Did you ever think that perhaps we’re born into this world for the love of our own drama? In a recent phone conversation with Christopher, from White Wizard Astrology, (See page 41), I was reminded that we function as serious method actors when we incarnate here to play our chosen roles on the grand stage of life. If we’re not careful and go unchecked for a while, we can be engulfed in our own drama, whatever it may be.

Engaging in drama is self-abuse, because it’s essentially an addiction. Neuroscientist Billi Gordon, Ph.D. believes, “The obvious answer is drama gets attention. However, it is more than that. Drama causes the pituitary gland and hypothalamus to secrete endorphins, which are the pain-suppressing and pleasure-inducing compounds that heroin and other opiates mimic. Hence, drama eases the anxiety of wanting more attention than you are getting. Naturally, since drama uses the same mechanisms in the brain as opiates, people can easily become addicted to drama. Like any addiction, you build up a tolerance that continuously requires more to get the same neurochemical affect. In the case of drama, this means you need more and more crises to get the same thrill.”

Water tends to seek it’s own level, so if you’re wondering if you are perhaps suffering from drama addiction, simply look at the prominent people in your life; those that typically orbit you on a regular basis. We humans tend to mirror certain aspects of each other’s personalities. Drama addicts will typically attract other drama addicts, as well as “audience members”, because without an audience, there can be no show—remember that the next time drama erupts from a friend or family member.

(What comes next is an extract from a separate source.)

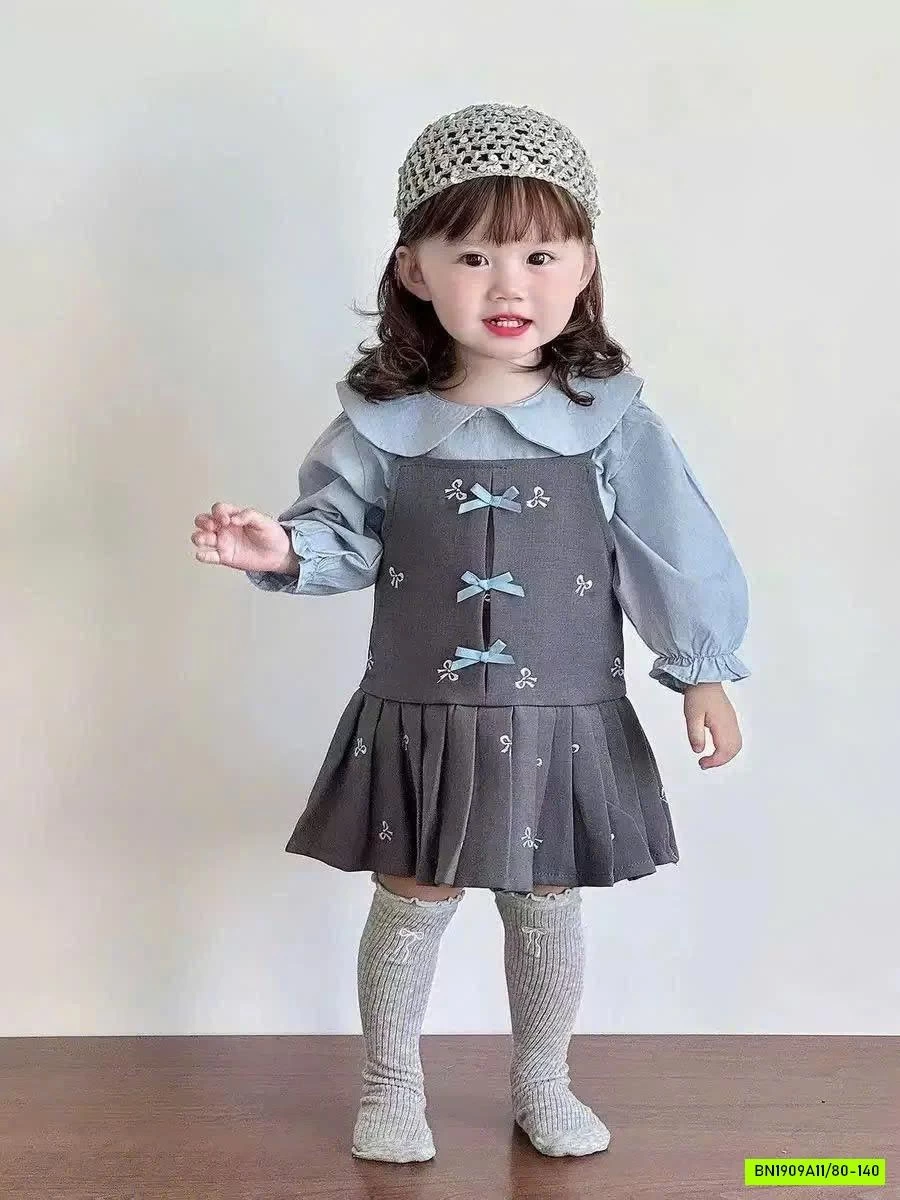 SET VÁY CHO BÉ CHERRY COCO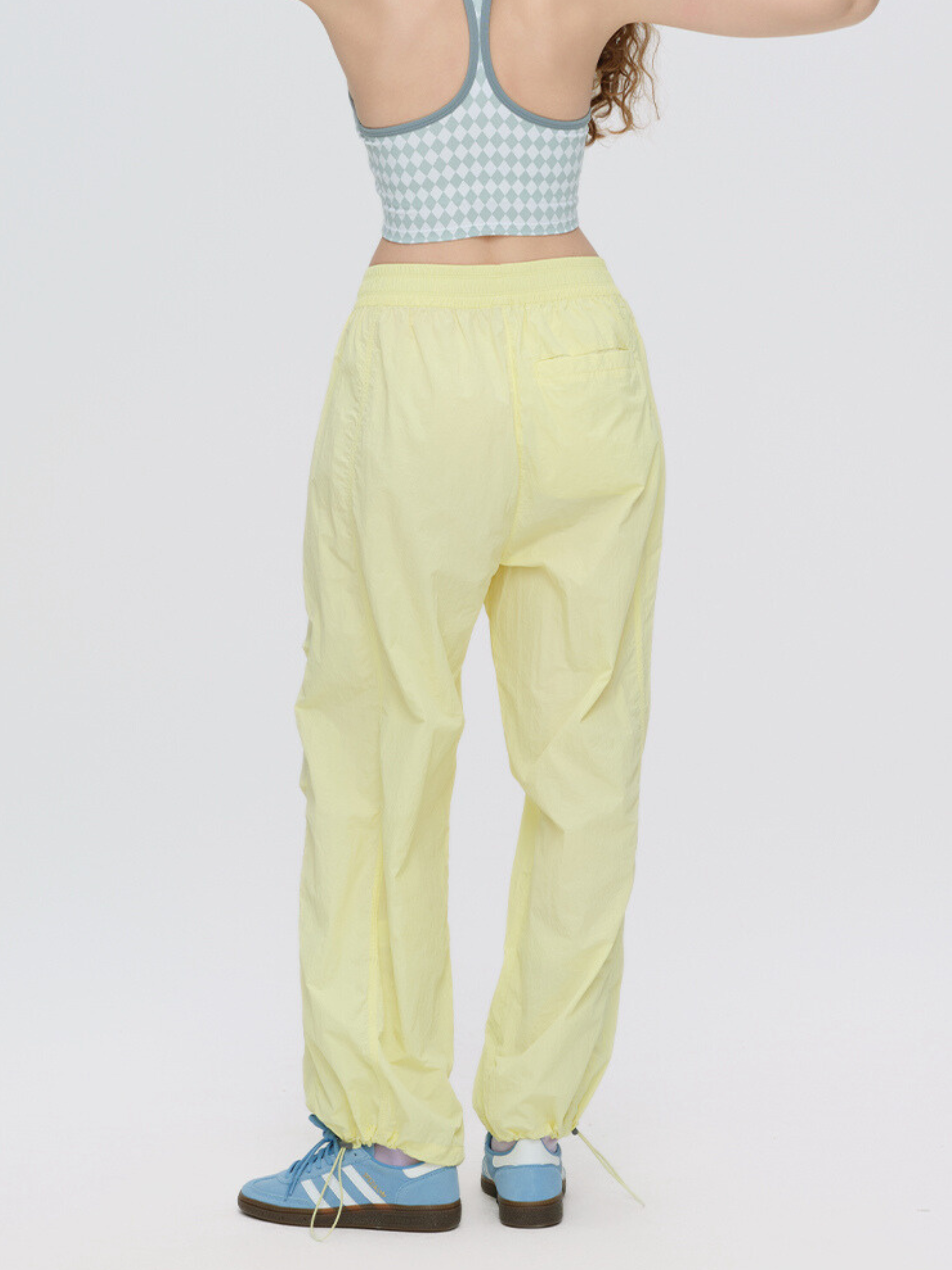 Cavewatch - Women's Water-Repellent Elastic-Waist Nylon Pants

Another friend once told me a tale about his divorce. He and the wife opted for counseling before pulling the plug. My friend was usually alone in those sessions because the wife didn’t like the topics being raised. The counselor told him that he was not required to participate in his wife’s drama. What a brilliant solution to employ when there appear to be no other viable options. We can simply opt out, unless of course, we routinely like a good conflict to kick up the endorphins!